A touch of Paris in your kitchen - Crêpes & Meringues - Atelier Choux

A touch of Paris in your kitchen – Crêpes & Meringues

When you think about delicious Parisian treats, what comes to mind? Croissants, pains au chocolat, macarons, éclairs, crêpes, meringues… Nothing beats enjoying a hot crêpe out and about in the streets of Paris, but they and meringues are very simple to make at home, even with your children.

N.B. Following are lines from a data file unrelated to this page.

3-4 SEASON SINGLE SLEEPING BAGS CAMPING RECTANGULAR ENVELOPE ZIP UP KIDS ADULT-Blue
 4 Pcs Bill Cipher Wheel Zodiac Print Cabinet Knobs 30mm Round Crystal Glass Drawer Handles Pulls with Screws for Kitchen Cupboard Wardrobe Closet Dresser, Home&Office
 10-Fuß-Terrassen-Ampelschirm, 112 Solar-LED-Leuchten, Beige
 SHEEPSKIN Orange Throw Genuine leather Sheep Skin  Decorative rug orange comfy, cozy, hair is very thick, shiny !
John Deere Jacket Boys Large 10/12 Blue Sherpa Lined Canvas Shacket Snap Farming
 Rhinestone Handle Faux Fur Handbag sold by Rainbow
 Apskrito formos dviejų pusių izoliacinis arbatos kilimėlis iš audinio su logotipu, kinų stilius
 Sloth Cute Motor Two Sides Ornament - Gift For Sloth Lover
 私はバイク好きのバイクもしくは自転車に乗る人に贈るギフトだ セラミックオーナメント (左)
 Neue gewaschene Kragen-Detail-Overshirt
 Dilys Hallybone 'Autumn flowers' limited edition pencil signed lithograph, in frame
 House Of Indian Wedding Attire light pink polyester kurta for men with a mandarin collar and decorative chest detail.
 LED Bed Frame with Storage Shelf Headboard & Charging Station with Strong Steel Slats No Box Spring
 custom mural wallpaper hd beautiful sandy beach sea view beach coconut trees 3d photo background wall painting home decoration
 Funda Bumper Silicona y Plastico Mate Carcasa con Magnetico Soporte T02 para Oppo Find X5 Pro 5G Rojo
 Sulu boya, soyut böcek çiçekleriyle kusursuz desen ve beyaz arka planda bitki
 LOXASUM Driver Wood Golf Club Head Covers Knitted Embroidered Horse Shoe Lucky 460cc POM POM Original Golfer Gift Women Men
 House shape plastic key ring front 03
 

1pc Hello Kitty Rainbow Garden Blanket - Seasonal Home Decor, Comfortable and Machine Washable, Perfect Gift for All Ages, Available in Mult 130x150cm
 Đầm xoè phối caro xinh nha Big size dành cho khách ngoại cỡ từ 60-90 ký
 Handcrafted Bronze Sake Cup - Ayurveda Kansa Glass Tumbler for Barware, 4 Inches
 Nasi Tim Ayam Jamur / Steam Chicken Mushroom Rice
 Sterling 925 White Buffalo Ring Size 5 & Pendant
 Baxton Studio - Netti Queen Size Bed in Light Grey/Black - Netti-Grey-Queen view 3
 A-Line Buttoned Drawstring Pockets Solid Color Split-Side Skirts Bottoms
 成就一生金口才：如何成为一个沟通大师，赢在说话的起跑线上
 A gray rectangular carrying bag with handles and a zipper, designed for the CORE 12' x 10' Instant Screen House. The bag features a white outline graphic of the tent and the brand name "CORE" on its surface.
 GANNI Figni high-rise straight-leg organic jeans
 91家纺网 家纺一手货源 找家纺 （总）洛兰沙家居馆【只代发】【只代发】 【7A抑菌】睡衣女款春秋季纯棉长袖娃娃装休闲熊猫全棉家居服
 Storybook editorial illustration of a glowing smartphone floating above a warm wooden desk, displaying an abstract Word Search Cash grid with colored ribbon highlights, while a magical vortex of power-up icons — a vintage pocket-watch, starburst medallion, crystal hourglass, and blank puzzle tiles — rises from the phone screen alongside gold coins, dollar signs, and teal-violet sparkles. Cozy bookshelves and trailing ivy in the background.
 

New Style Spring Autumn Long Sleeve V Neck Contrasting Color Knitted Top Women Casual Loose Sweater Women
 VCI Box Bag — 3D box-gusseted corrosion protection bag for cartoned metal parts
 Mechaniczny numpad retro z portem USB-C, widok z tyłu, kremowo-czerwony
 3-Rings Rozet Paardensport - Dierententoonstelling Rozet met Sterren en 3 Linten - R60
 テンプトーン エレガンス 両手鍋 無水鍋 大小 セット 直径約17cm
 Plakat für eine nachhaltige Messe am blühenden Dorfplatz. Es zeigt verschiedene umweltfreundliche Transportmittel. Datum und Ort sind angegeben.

These recipes are our tried-and-true family favorites, simplified as much as possible with all the tips we have gathered from making them often.

MERINGUES

This easy recipe makes one large Meringue / Pavlova or about 8 individual meringues, depending on the size of your dollops.

Ingredients:

  • 1 cup of egg whites (7-8 eggs)
  • 2 cups of sugar
  • 1 tablespoon cornstarch / maizena
  • 1 teaspoon vinegar
  • 2 teaspoons vanilla
  • Pinch of salt

Tips & Gear:

  • Separate the egg whites when the eggs are cold (just out of the fridge) – it makes doing so much easier. If possible, then leave the bowl of egg whites out of the fridge until room temperature, as this is said to make meringues stiffer and will give them more height.
  • Just one large bowl
  • Hand mixer or stand mixer
  • Spatula
  • Oven pan lined with parchment paper (grease lightly)
  • Preheat oven to 200°C (400°C)

Let’s Go:

  1. Beat egg whites and pinch of salt until frothy.
  2. Gradually add sugar and vanilla and beat until stiff. Add vinegar and continue beating for several minutes. Check that your mixture has “stiff, high peaks” when you lift the mixer out.
  3. With spatula, fold in cornstarch while sifting it in gradually.
  4. Pile thick mixture onto an ovenware platter in one round shape or create mini meringue dollops by using two spoons.
  5. The oven should be preheated to 200°C (400°C) per the tips above. Now, turn oven down to 125°C (250°F) and place the meringue in the oven.
  6. Bake for 20 minutes, then turn oven off and leave for another 20 minutes.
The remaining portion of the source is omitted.